» INSTRUCTIONS TO FOLLOW
A verbatim reproduction of the lines below, from the line containing "5 sets MY2NJ" through the line containing "RKR Trader's Present", both ends included, is the whole required output.

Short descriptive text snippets

***

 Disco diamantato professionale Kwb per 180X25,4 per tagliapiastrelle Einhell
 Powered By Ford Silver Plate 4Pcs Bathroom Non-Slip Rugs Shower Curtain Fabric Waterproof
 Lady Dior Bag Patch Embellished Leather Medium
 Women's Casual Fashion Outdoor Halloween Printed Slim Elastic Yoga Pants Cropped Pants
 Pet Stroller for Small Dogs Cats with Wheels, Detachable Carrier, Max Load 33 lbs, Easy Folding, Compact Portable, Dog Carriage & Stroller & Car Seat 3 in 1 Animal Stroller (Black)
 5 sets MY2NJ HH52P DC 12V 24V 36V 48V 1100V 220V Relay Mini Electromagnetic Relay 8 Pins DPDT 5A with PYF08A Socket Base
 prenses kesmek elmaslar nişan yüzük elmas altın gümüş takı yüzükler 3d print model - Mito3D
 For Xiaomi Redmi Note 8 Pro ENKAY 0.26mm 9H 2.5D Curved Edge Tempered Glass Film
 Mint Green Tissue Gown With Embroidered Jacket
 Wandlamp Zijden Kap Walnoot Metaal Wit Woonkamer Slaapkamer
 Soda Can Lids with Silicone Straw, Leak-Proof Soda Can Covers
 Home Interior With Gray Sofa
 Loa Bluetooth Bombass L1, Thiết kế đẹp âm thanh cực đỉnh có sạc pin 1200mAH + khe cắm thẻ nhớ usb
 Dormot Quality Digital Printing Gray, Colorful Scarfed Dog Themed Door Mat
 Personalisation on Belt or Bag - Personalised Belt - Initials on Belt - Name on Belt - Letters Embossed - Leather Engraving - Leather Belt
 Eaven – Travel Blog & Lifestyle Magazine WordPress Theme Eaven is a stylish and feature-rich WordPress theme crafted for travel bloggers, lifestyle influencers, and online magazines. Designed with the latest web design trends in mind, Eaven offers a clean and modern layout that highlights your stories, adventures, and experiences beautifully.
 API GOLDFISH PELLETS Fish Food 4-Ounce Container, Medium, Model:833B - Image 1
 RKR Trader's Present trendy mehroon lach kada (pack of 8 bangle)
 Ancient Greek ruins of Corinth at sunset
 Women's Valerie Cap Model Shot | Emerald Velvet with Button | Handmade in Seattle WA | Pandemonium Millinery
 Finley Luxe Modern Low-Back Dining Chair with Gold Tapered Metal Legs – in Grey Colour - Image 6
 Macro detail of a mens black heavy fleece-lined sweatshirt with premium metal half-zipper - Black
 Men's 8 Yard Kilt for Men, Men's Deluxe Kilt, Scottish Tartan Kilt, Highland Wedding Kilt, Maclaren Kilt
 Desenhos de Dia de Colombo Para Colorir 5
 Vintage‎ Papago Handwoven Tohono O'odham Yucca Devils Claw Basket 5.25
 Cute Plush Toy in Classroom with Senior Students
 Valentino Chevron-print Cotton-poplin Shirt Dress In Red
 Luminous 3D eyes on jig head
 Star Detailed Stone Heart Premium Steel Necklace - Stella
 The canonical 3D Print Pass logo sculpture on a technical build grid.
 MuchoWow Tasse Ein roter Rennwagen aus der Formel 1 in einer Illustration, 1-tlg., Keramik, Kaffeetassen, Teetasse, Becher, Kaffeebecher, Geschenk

***

» RESULT OF THIS EXERCISE
 5 sets MY2NJ HH52P DC 12V 24V 36V 48V 1100V 220V Relay Mini Electromagnetic Relay 8 Pins DPDT 5A with PYF08A Socket Base
 prenses kesmek elmaslar nişan yüzük elmas altın gümüş takı yüzükler 3d print model - Mito3D
 For Xiaomi Redmi Note 8 Pro ENKAY 0.26mm 9H 2.5D Curved Edge Tempered Glass Film
 Mint Green Tissue Gown With Embroidered Jacket
 Wandlamp Zijden Kap Walnoot Metaal Wit Woonkamer Slaapkamer
 Soda Can Lids with Silicone Straw, Leak-Proof Soda Can Covers
 Home Interior With Gray Sofa
 Loa Bluetooth Bombass L1, Thiết kế đẹp âm thanh cực đỉnh có sạc pin 1200mAH + khe cắm thẻ nhớ usb
 Dormot Quality Digital Printing Gray, Colorful Scarfed Dog Themed Door Mat
 Personalisation on Belt or Bag - Personalised Belt - Initials on Belt - Name on Belt - Letters Embossed - Leather Engraving - Leather Belt
 Eaven – Travel Blog & Lifestyle Magazine WordPress Theme Eaven is a stylish and feature-rich WordPress theme crafted for travel bloggers, lifestyle influencers, and online magazines. Designed with the latest web design trends in mind, Eaven offers a clean and modern layout that highlights your stories, adventures, and experiences beautifully.
 API GOLDFISH PELLETS Fish Food 4-Ounce Container, Medium, Model:833B - Image 1
 RKR Trader's Present trendy mehroon lach kada (pack of 8 bangle)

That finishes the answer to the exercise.